I tried a number of ideas, but they all tend to get rather gnarly and convoluted. I'm guessing there is some nice Ruby idiom, or perhaps a regex that would be an elegant answer to this solution.
You can accomplish it with count:
a.count{|e| index = b.index(e) and b.delete_at index }
Demonstration
or with inject:
a.inject(0){|count, e| count + ((index = b.index(e) and b.delete_at index) ? 1 : 0)}
Demonstration
or with select and length (or it's alias – size):
a.select{|e| (index = b.index(e) and b.delete_at index)}.size
Demonstration
Results:
a, b = [0,0,5], [0,5,5] output: => 2;
a, b = [1,2,2,3], [1,2,3,4] output: => 3;
a, b = [1,0,0,3], [0,0,1,4] output => 3.
(arr1 & arr2).map { |i| [arr1.count(i), arr2.count(i)].min }.inject(0, &:+)
Here (arr1 & arr2) return list of uniq values that both arrays contain, arr.count(i) counts the number of items i in the array.
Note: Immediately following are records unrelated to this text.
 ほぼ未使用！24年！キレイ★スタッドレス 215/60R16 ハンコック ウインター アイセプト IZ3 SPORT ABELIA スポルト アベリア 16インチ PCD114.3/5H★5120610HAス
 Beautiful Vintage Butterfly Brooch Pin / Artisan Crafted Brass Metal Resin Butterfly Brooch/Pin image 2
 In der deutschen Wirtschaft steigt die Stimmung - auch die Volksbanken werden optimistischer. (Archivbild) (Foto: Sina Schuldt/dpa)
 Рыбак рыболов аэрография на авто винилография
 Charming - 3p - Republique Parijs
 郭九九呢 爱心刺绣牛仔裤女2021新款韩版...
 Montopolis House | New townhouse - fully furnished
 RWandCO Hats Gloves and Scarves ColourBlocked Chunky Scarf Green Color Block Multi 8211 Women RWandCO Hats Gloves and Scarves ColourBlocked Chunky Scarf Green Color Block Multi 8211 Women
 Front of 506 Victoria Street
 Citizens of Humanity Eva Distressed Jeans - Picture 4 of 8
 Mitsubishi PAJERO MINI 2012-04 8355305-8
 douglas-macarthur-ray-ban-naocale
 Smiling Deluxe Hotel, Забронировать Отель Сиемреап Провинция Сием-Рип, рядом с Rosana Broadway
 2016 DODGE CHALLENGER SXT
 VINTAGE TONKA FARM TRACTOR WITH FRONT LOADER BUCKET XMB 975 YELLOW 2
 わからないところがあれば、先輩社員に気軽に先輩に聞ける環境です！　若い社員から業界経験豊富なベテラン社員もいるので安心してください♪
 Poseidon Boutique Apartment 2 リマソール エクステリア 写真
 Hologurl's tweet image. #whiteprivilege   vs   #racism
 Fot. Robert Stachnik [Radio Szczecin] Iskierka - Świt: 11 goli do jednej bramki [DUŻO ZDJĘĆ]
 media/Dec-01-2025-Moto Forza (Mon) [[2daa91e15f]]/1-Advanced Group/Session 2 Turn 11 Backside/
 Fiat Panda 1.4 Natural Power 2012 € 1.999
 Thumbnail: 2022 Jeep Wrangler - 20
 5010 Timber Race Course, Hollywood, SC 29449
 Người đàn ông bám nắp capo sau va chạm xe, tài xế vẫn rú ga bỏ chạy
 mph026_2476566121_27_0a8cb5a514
Another use for the mighty (and much needed) Array#difference, which I defined in my answer here. This method is similar to Array#-. The difference between the two methods is illustrated in the following example:
a = [1,2,3,4,3,2,4,2]
b = [2,3,4,4,4]
a - b #=> [1]
a.difference b #=> [1, 3, 2, 2]
For the present application:
def number_matches(a,b)
left_in_b = b
a.reduce(0) do |t,e|
if left_in_b.include?(e)
left_in_b = left_in_b.difference [e]
t+1
else
t
end
end
end
number_matches [0,0,5], [0,5,5] #=> 2
number_matches [1,0,0,3], [0,0,1,4] #=> 3
number_matches [1,0,0,3], [0,0,1,4] #=> 3
Using the multiset gem:
(Multiset.new(a) & Multiset.new(b)).size
Multiset is like Set, but allows duplicate values. & is the "set intersection" operator (return all things that are in both sets).
I don't think this is an ideal answer, because it's a bit complex, but...
def count(arr)
arr.each_with_object(Hash.new(0)) { |e,h| h[e] += 1 }
end
def matches(a1, a2)
m = 0
a1_counts = count(a1)
a2_counts = count(a2)
a1_counts.each do |e, c|
m += [a1_counts, a2_counts].min
end
m
end
Basically, first write a method that creates a hash from an array of the number of times each element appears. Then, use those to sum up the smallest number of times each element appears in both arrays.